1928 saw Elder turn his attention to racing in the United Kingdom, becoming one of the most popular riders in the country. He could command fees of £100 per meeting, plus prize money, and once earned £350 in a day by racing at three nearby tracks. He is estimated to have earned £50,000 in his first three years of riding in Britain. Crowds of 30,000 to 40,000 were not uncommon at larger meetings during the heyday of speedway racing in England. Elder's popularity was revealed when the British paper Speedway News honoured Elder by calling him the greatest showman of all time. In 1928, he won several titles in Britain, including the Golden Helmet at White City, Manchester, the Golden Gauntlet and West Ham Championship at West Ham, the Silver Wheel and Silver Sash at Wimbledon, the Silver Belt at Custom House, and the Golden Helmet at Leicester, while also winning the Scottish Gold and Silver Helmets in 1929. He never rode for the West Ham Hammers in 1929 but was their overseas representative in the Star Riders' Championship, and in 1930 he rode for the Southampton Saints.

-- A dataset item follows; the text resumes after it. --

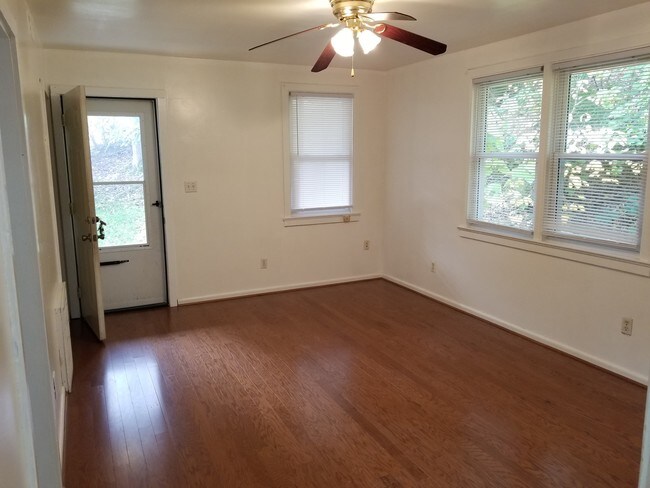 Sala de estar - 385 Riverview Ave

Elder was one of speedway's pioneers and featured in the first Star Riders' Championship, the forerunner to the Speedway World Championship in 1929. He was beaten in the semi-final of the 'overseas' section by Australian Vic Huxley.

During the mid-1930s, Elder returned to the United States to help organize American speedway. Speedway racing was among the popular forms of motorcycle racing in the country. Elder, along with Wilbur Lamoreaux, Jack and Cordy Milne, he helped found and promote speedway in America.

== Retirement ==
Elder retired from racing after joining the California Highway Patrol and was responsible for securing sponsorship from the Highway Patrol for a number of meetings. Elder retired from the patrol after suffering life-threatening injuries in a traffic accident. Even after retirement, Elder stayed involved with racing through his duties on the AMA Competition Committee.

Elder lost his fortune after investing in a failed mining venture.

== Death ==
Elder died in 1957 after committing suicide following the death of his wife. He was posthumously inducted into the Fresno County Athletic Hall of Fame in 1962, and into the AMA Motorcycle Hall of Fame in 1998.